Ketimpangan wawasan pesantren pun terjadi, ketika pesantren di pusat kota memiliki relasi aktorial lebih dekat dengan perguruan tinggi, daripada relasi aktorial pesantren di kota satelit. Kedekatan relasi ini menyajikan ruang pertukaran wawasan bagi khazanah aktual dan khazanah klasik―sesuatu yang belum tentu tersaji di pesantren di wilayah pinggiran (kalaupun terjadi, si santri yang bersangkutan perlu mengeluarkan energi yang tidak sedikit).
Salah satu konsekuensi yang paling mencolok dari ketimpangan ini adalah absennya kesadaran peta gerakan islam politik di sebagian kalangan pengajar pesantren di wilayah pinggiran, yang berimplikasi pada insensitivitas santri dalam bernavigasi di lautan informasi dan ideologi. Di pondok, santri mungkin marhabanan, namun di media sosial, ia tetap bisa terpersuasi oleh akun hijrah ataupun puitika dakwah Falix Siauw.
Akan tetapi, yang lebih pilu daripada itu adalah saat rentetan ketimpangan struktural dan ketimpangan wawasan tersebut mempercepat laju kemunduran sekelompok santri yang justru sepenuhnya komitmen pada agama dan teks-teks klasik.
Mereka ditelan digitalisasi dalam candu eskapis dari masalah kerentanan ekonomi, keterpinggiran asmara, ketidakpastian marital dan romantisasi Islam tradisional yang boleh jadi hanya terasa nikmat di kalangan mereka, namun secara bersamaan membekukan agama dan teks-teks klasik dari kebermanfaatan untuk kelompok di luar mereka ataupun kemanusiaan secara umum.

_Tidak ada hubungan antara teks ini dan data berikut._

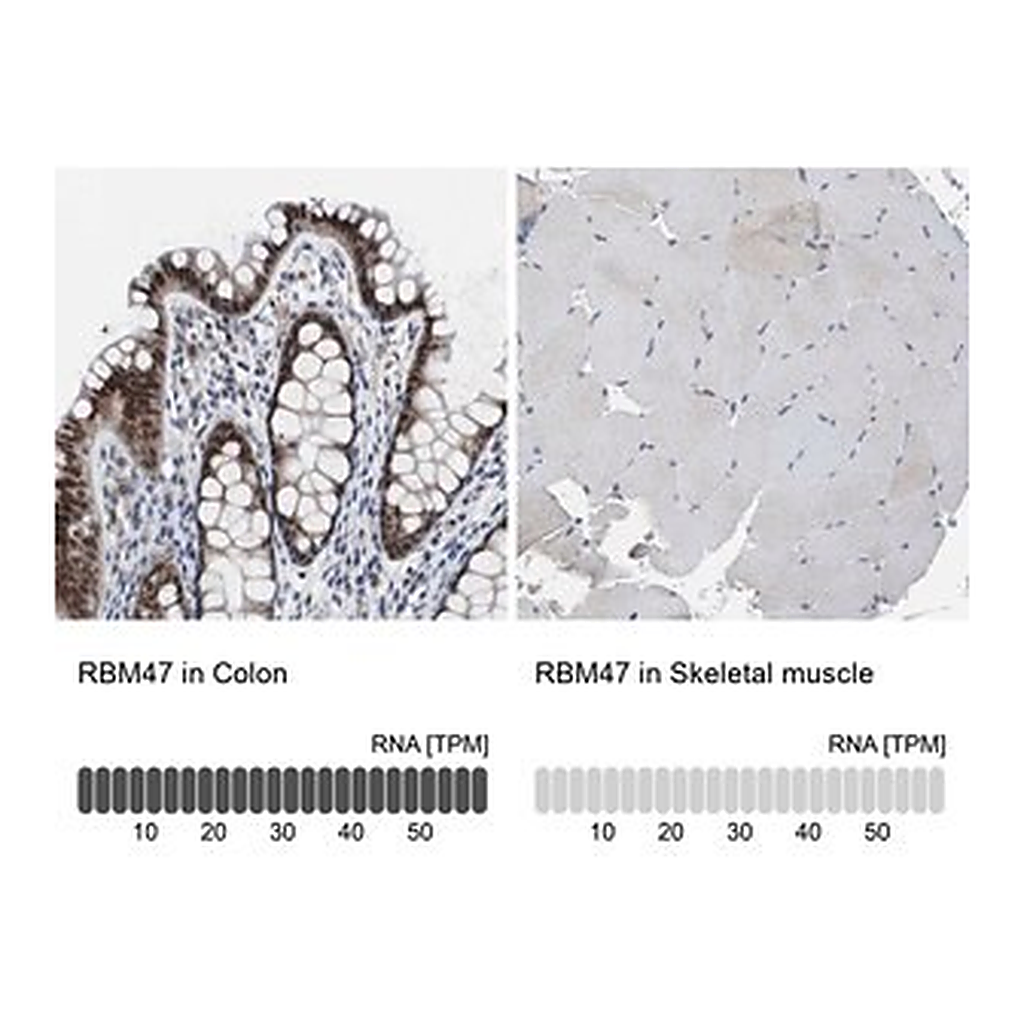 Merck Anti-RBM47 antibody produced in rabbit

Romantisasi atas prestasi religio-kebangsaan Islam tradisional di masa lalu kemudian mulai menampilkan involusinya ketika kebekuan tersebut berhadapan dengan gerak zaman yang kaotik. Contoh terbaik mengenai masalah ini misalnya adalah, pertautan mesianistik menengenai vaksin, dajjal dan akhir zaman yang dipromosikan oleh salah satu pemimpin pesantren ternama.
Contoh lainnya adalah, ketika komitmen mendalam pada agama, tasawuf dan teks-teks klasik tetap tidak menjamin terlindungnya santri dari personalisasi iklan oleh algoritma situs perbelanjaan, karena tek terhubungnya jembatan analitik antara khazanah sufistiknya dengan aturan main dunia maya.
Seketika, dalih-dalih asketis dalam teks-teks klasik bisa berjalan beriringan dengan laku konsumerisme situs perbelanjaan, ataupun dengan laku ekshibisionisme komedi ala media sosial. Semua itu diterima apa adanya tidak hanya tanpa penelisikan mendalam, melainkan diberikan pembenaran sebagai ‘tambahnya nikmat’ dan ‘dakwah’.
Upaya untuk mencegah ketimpangan di pesantren dan kemunduran santri telah banyak diinisiasi, dari mulai modernisasi pesantren, integrasi universitas Islam dengan pesantren, hingga strategi pembagian kerja antara universitas Islam sebagai pencetak ilmuan Islam dan pesantren sebagai pencetak ulama. Tetapi nafas di baliknya sering kali berangkat dari semangat insuler dan ego-sektoral terhadap nativisme kebangsaan dan reaksi terhadap modernisme.
Implikasinya, gairah eksperimen atas kemapanan, keberanian berpetualang di kolam sudut pandang, tradisi ataupun ideologi, dan kejujuran terhadap pikiran sendiri, menubuh dengan malu-malu di sebagian kecil santri, sementara konservatisme menubuh pada sebagian besar lainnya.
Yang terjadi kemudian adalah, kepasifan teologis atas kondisi struktural yang menindas, dan tak terselesaikannya simpul distortif masa lalu yang kini terlanjur mapan, seperti fatalisme ala gabungan Islam-Jawa dan materialisme mentalitas urban yang ditelan apa adanya sebagai Islam.